Your advice is to train SB before ID because of elastics. I had some contact with Joemaverick from Belgium about elastics as well. Joemaverick, and I've read this from a Dutch manager as well, says that it's best for elastic effect to train IS/ID>REB>SB. Which is not in line with your advice and Nachtmahr's post.

I will quote from the mail I received from Joe (thanks again Joe!) where he explains why. For me it's not about who's right, I just want to know what the optimal training schedule would be for my trainees and other potential Dutch NT trainees.

The training of a skill is linked to the other skills trained.
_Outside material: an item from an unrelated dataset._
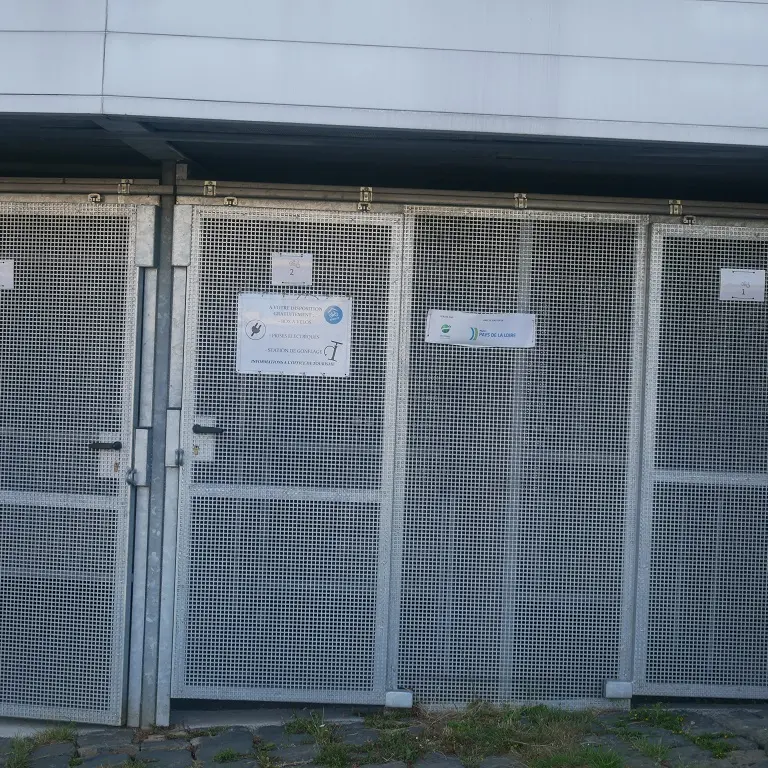 box vélos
So if you train ID, you also train IS and SB, so higher are IS and SB, faster ID will increase.

SB training improves SB, ID and RB. So it's better to have higher ID and RB than SB. RB training improves RB and ID but not SB. So RB won't improve faster if SB is higher. Conclusion: better to train RB before SB.

And you can make the same reasoning with ID: ID doesn't improve RB but RB improves ID => better to have a high level in ID when training RB but the level of RB has no impact on ID improvement => better to train ID before RB.

There are a lot of reasons why 1on1 (SF/PF) is the best training to start, one of them is that 1on1 improves IS but not ID, so IS is not impacted by ID level. So you increase IS without being penalized by ID level, and when you will train ID, since IS will be already high, ID will be faster to improve.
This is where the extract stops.